In 1962, there was another meat shortage, which was exacerbated by the "severe winter of 1962/1963" and was followed by "a summer drought". In response, the PZPR rationed meat to restaurants and established new exclusively vegetarian restaurants. These measures failed to improve the supply of meat, so the PZPR established a National Inspectorate for the Meat Economy (Państwowa Inspekcja Gospodarki Mięsnej) to accompany police investigations into the meat black market. This National Inspectorate discovered the "Meat Scandal".

=== Trial ===
Wawrzecki, was accused of being involved in fraud connected to the "Meat Scandal". He was convicted of corruption and sentenced to death, allegedly without the right to appeal his death sentence, in violation of his rights under the Constitution of the Polish People's Republic.

The government seized Wawrzecki's apartment and forcibly evicted his wife and three children. Several hundred people were arrested as part of the same case. Along with Wawrzecki, four other directors, four shop managers, and the owner of a butcher's shop were also charged. The prosecutor's office sought death sentences for Wawrzecki and two others, Henryk Gradowski and Kazimierz Witowski, but the judge only sentenced Wawrzecki to death. The four directors were sentenced to life imprisonment, and the other seven defendants were sentenced to nine to twelve years in prison, along with state seizure of property and fines. In the 1970s, the life sentences of some of the accused were commuted to 25 years in prison after the introduction of a new penal law.
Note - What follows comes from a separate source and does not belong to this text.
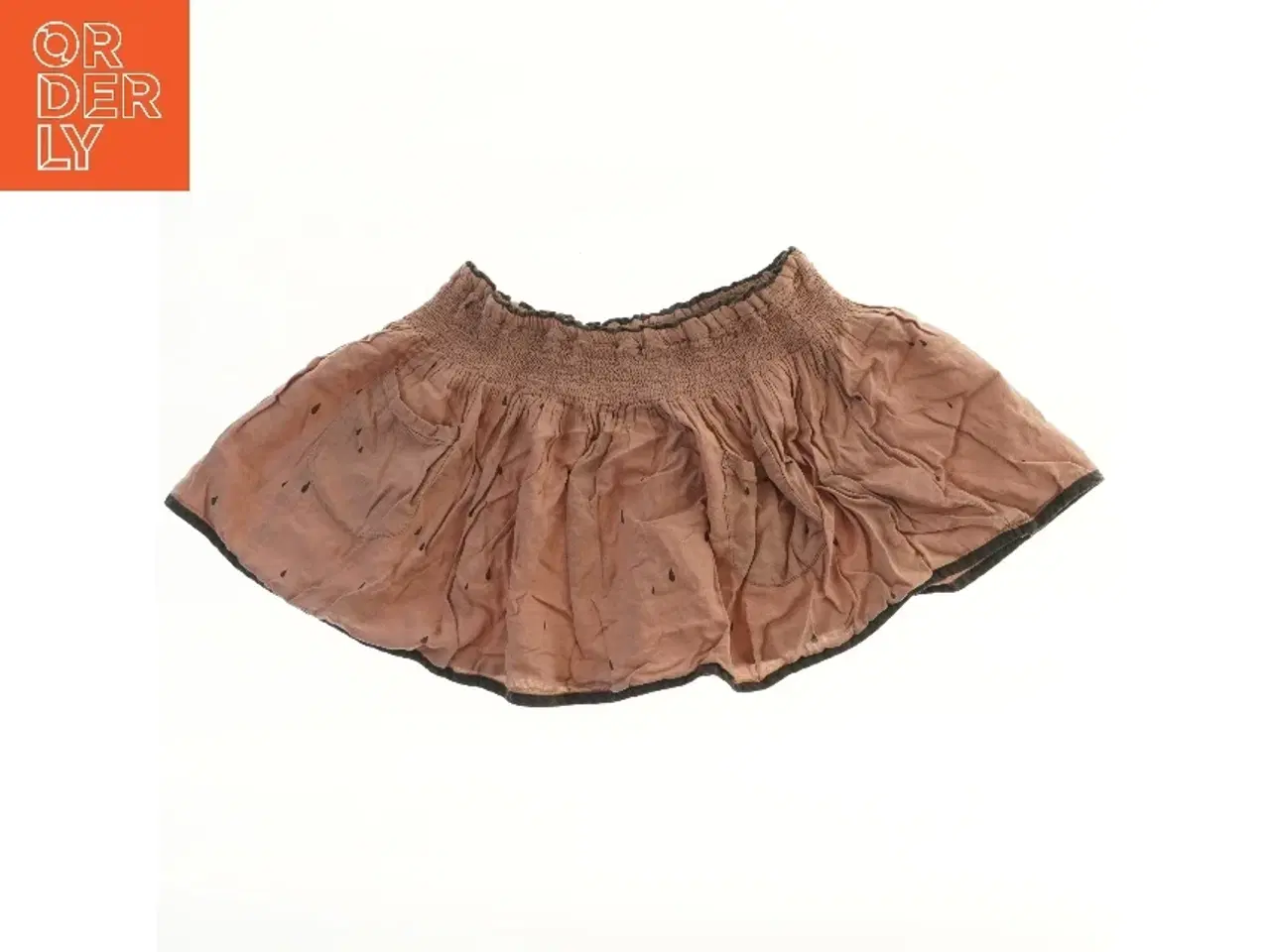 Billede 1 - Nederdel med print fra Soft Gallery  (str. 116)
Three days after his arrest, Wawrzecki admitted to receiving about 3.5 million złoty. Investigators promised him that if he confessed, they would help him get a lower sentence or even a suspended sentence. However, the State Council refused his request for commutation. His trial was influenced by strong pressure from the communist authorities, especially from then PZPR First Secretary, Władysław Gomułka, who had insisted on the death penalty.
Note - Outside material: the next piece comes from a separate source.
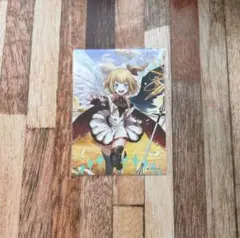 白猫プロジェクト マール ブロマイド マジくじ 猫耳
Contrary to popular belief, Wawrzecki was not the only person sentenced to death by the Polish People's Republic for economic crimes, but he was the only one on whom the sentence was carried out. In 1960, Bolesław Dedo was sentenced to death for his alleged involvement in the "leather affair", but his sentence was commuted to life imprisonment by the State Council. He was released after he spent more than 17 years in prison.

=== Execution ===
He was hanged on 19 March 1965 in Warsaw.

== Aftermath ==
One of the judges that issued the death sentence, Roman Kryże, inspired the Polish saying "Sądzi Kryże – będą krzyże", referring to the disproportionate amount of death sentences he issued compared to other judges. The Institute of National Remembrance considers Kryże to have acted as "an agent of the apparatus of Stalinist repression". He sentenced over 80 members of the Home Army to death, including resistance leader Witold Pilecki.
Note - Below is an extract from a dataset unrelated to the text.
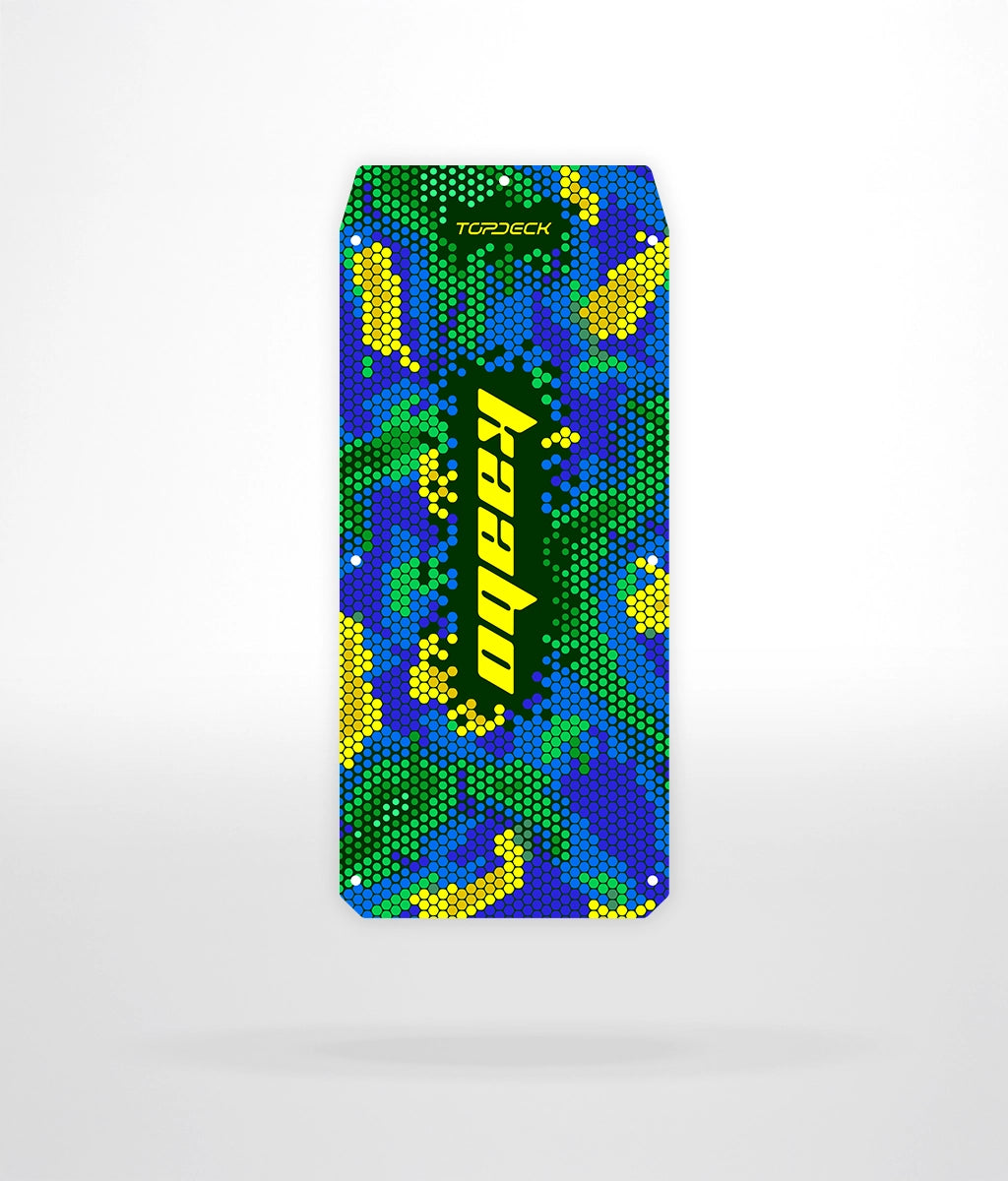 Kaabo Wolf King GT – Honey ®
According to historian Dariusz Jarosz, Wawrzecki's execution did not "significantly reduce crimes in the meat industry". Historian Jerzy Kochanowski concluded that Wawrzecki's trial "would have not ended as it did" if it was not for the "economic and political environment" surrounding the trial.

In 2004, the Supreme Court of Poland overturned the sentences of the defendants involved in the "Meat Scandal", ruling that the sentences were a miscarriage of justice. Nevertheless, the Court did not pardon Wawrzecki because it was the nature of the sentence which was disputed, rather than his guilt. In 2007, a Warsaw court ruled that Wawrzecki's relatives were not owed compensation for the property that the government had seized from him, citing that the asset seizure was mandatory under the laws at the time and would have been applied even if the court issued a different verdict in 1965. In 2010, a court in Warsaw ruled that the prosecutor of Wawrzecki's trial, Eugeniusz W., could not be prosecuted due to the statute of limitations.

In April 2021, one of Wawrzecki's sons, Piotr Wawrzecki, was granted 200,000 złoty ( in USD) as compensation.